Having won the Labour leadership and the tánaiste’s position, Joan Burton now faces the really hard part
Opinion: The forcing out of a Labour leader will impact on future of party
‘Crucially, Joan Burton managed to differentiate herself from the rest of the government in the public mind and that clearly paid dividends in terms of her personal popularity.’ Photograph: Cyril Byrne / THE IRISH TIMES
A new departure has taken place in Irish politics with the election of the next tánaiste by the ordinary members of the Labour Party.
It is the first time in over 90 years of Irish democracy that party members have been allowed to decide who will occupy one of the key positions in Government.

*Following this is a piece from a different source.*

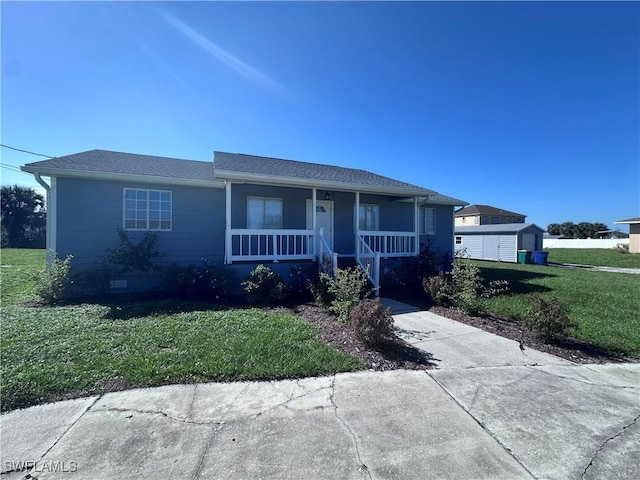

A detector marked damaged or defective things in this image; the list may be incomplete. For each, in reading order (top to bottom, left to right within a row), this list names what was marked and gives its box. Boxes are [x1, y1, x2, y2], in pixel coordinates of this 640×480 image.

Technically the Labour membership was simply voting for a new leader and deputy leader, but everybody involved knew that in practical terms it meant electing the next deputy prime minister of the country. The unique situation arose because Eamon Gilmore made history by being the first party leader serving in the tánaiste’s office to resign in the middle of a Dáil term.
While he made the decision to go after the disastrous European and local elections, there are strong suspicions that he jumped before he was pushed. The exact circumstances in which Gilmore made his decision may emerge in time, but it is clear that he was going to face a challenge to his position if he stayed. The motion of no confidence in his leadership put down by eight of his parliamentary party just hours before Gilmore resigned is evidence of that.
The way all of this happened has implications for the future of the party.
“A Labour leader was never forced out of office this way before, but now that it has happened once, the chances are it will happen again. Once the concept of loyalty to the elected leader goes, an important value goes with it,” said one senior party figure.
Having won the leadership and the tánaiste’s position, Joan Burton now faces the really hard part. Bringing the Labour Party back from its dismal showing in the recent elections to having a fighting chance in the next general election will be a bigger challenge than any she has faced to date. There is no easy solution to the dilemma she faces
Labour support has collapsed due mainly to the fact that the party chose to go into Government at a time of a national economic emergency. By any objective yardstick the party has done a good job in office by helping to stave off the nightmare of national bankruptcy. That would have had devastating consequences for everybody in the country, but particularly the least well-off in society.
That record of performance clearly hasn’t impressed the voters, as the election results in May testified, so Burton will have her work cut out to try to change the perception of the Labour performance over the next 18 months. Still, she will have a number of things going for her.
As Minister for Social Protection she has been immune from much of the anti-Government sentiment that damaged her colleagues and that should give her a head start as a new leader attempting to reshape the party’s image.
The decision of the Coalition at the outset to protect basic pension and welfare payments from cuts clearly benefited Burton, but that doesn’t fully explain why her personal standing remained high while that of her Labour colleagues slumped.
DifferentiatedCrucially, she managed to differentiate herself from the rest of the Government in the public mind and that clearly paid dividends in terms of her personal popularity.
That political manoeuvre will be more difficult to pull off when she is party leader and tánaiste and has to assume full responsibility for all of the decisions the Government makes. The trick will be to carve out a distinct identity for Labour in Government without destabilising the Coalition and precipitating an early election, as that is the last thing the party needs.
The other danger of attempting to point up differences between Labour and Fine Gael is that it could create the image of a Government lacking in cohesion, and that would be fatal for both parties in the long run. Some Labour strategists believe that winning back its public service vote should be the priority, but any moves to reverse the pay cuts in the sector would have to be paid by the general taxpayer, which would not be popular with Fine Gael voters.
Finding the right balance will not be easy. Eamon Gilmore was a loyal and committed deputy leader in Government who did his negotiating in private and kept public disagreements with his Coalition partners to a minimum.
That did not pay off for him primarily because his rhetoric in Opposition and the promises made during the general election implied that he would behave very differently in office to the way he did. Ultimately his mastery in Opposition ensured that he did not succeed in Government.
Burton was equally vociferous in Opposition in condemning many of the policies she has implemented as a member of the Government, but she did not suffer anything like the same political damage. That is largely down to the fact the leader takes most of the blame, but maybe Burton also has one of the most important attributes of a successful politician – so far at least she has been a lucky general.
There are already signs that her luck may hold when she takes over as leader. A range of economic data that emerged over the past week suggests the economic recovery really has taken hold. If the indicators continue to improve over the next 18 months, both Government parties will be able to point to an impressive record.